They originally were trained to go outdoors when they were wee pups but then a pit bull moved in behind us and terrorized the neighborhood ($1000 vet bill for their next door neighbors yellow lab) so we were rather forced to go to pee pads (and I lost the use of my beautiful backyard) :angry: We used pee pads for a long time but I was transferred and we are temporarily in an apartment until we can get the lay of the land in the new place. The house had a tile and so if they sometimes got over the edge of the pad (BOYS!!) then it wasn't that big of a deal to clean up but with the apartment/ security deposits / and carpeting everywhere - even the bathroom - I moved them into a litterbox. They don't really seem all that enthusiastic about going back outside again now that they have been trained to the pee pads. Even when we travel I just get out of the car, put down a pee pad and they go, but they won't go if I walk them over to the doggie areas. They usually won't go if we take a walk either but as soon as they get home they head for the pad. Funny little guys. I suppose it is great that they know where they are supposed to go. 

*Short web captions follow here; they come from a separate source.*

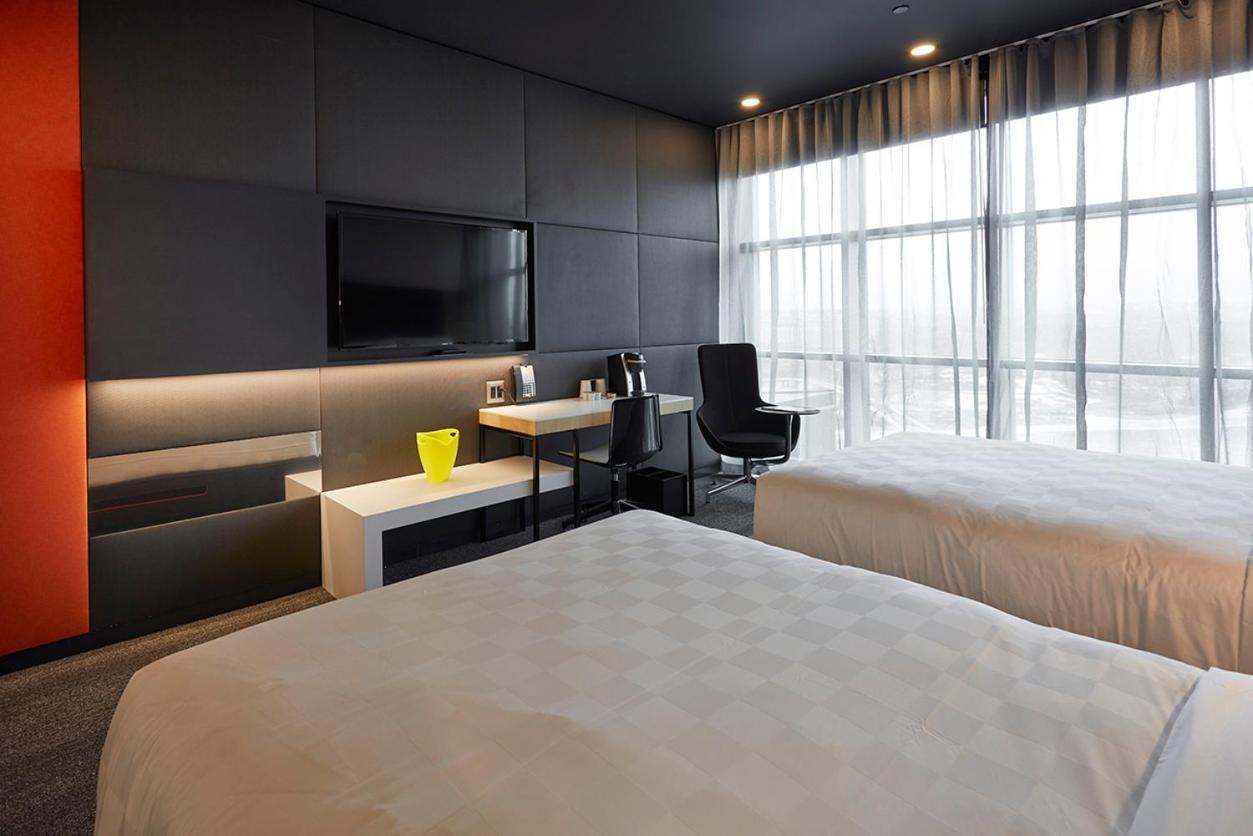 Alt Hotel Саскатун Экстерьер фото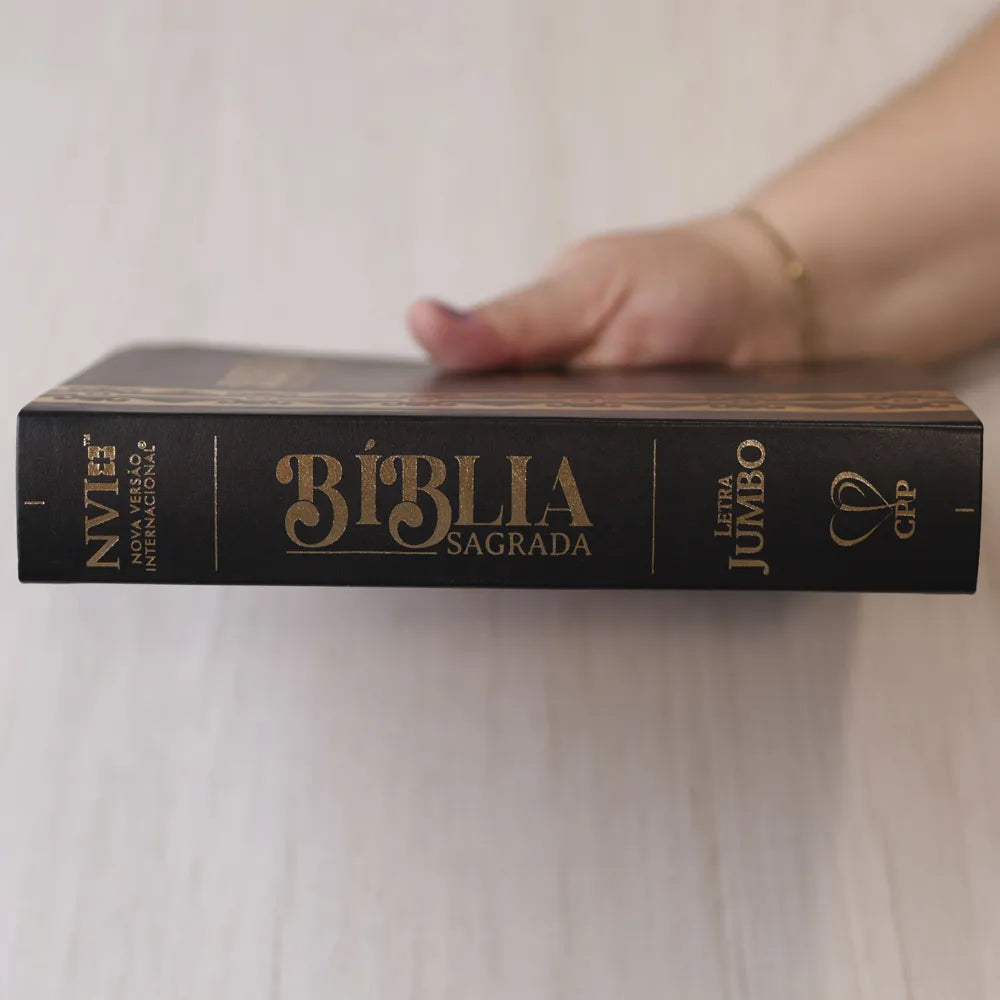 Bíblia Sagrada Letra Jumbo NVI Capa Arabesco Preta Lombada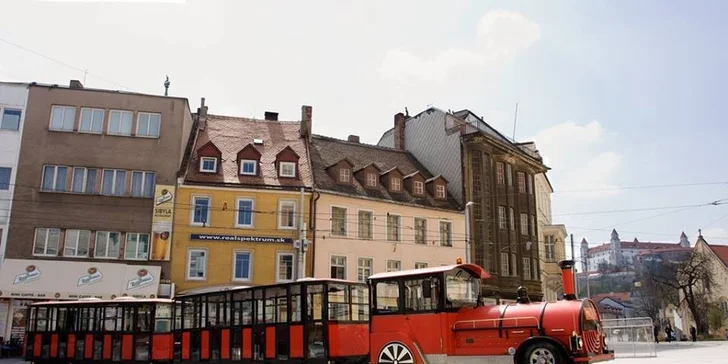 Bratislavou stylově: 3 vyhlídkové trasy vláčikom Blaváčikom, lodí i lanovkou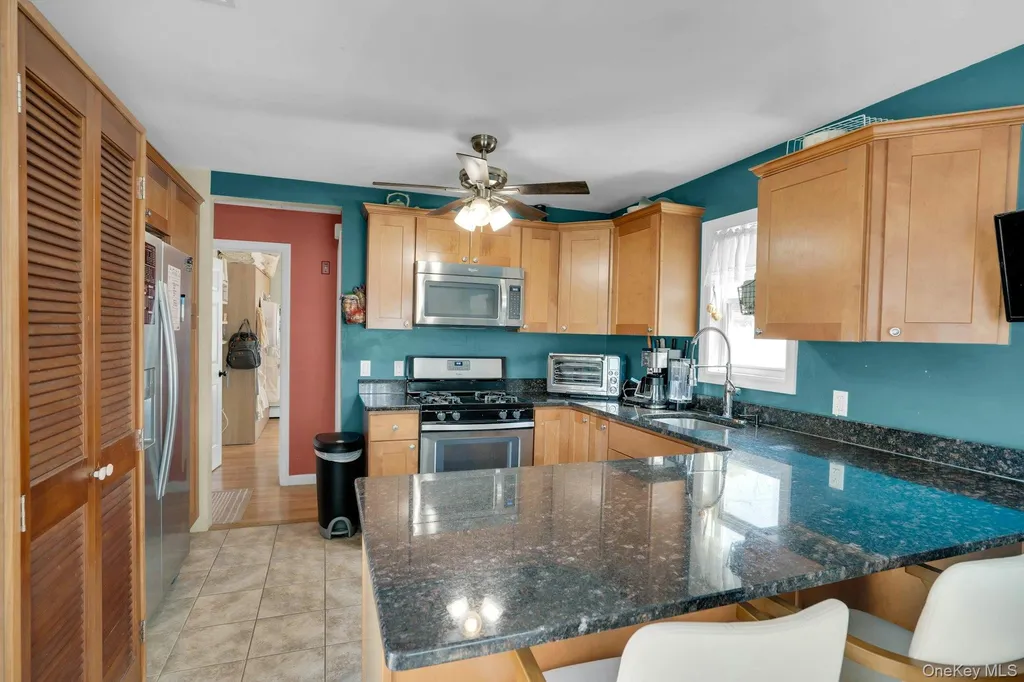 6 Linton Court West Babylon NY 11704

The only litterboxes I found at Petsmart/PetCo/Walmart were kind of small though and they like to walk around and around in circles before they poo and so they were refusing to poo in the box. The other litterboxes didn't have any sides and so then we sometimes had accidents when they lifted thier legs. I did finally find a box though at a different petsmart a couple of days ago that is much larger and it seems to be working great! :aktion033: I did like the suggestions though for a covered cat litter box and the ferret tray actually sounded promising too. I'll have to file those ideas away for possible future use.

Linde, Monet and Mozart


----------



## carrie (Aug 24, 2004)

this is what i have... he's used it since i brought him home. it's a cat litter pan. i actually took this picture for someone else, i just cleaned the pan to get a pic... and while i was getting the camera he felt the overwhelming urge to use it. but i'm glad he did, so you can see where he lifts on it.


----------



## jlhajmom (Feb 23, 2008)

Another option would be to buy a large rubbermaid tub, and cut out one of the side to be an opening. I have a friend who has 11 rescue cats (and you cannot believe how clean and fresh her house smells) and this is what she did for litter boxes. It works like a charm. I do use the Purina Second Nature litter pans for my little Ava, and she just goes in them perfectly, but I did have to put her in there everytime she needed to go for the first month or so until she got the hang of it. Good luck!


----------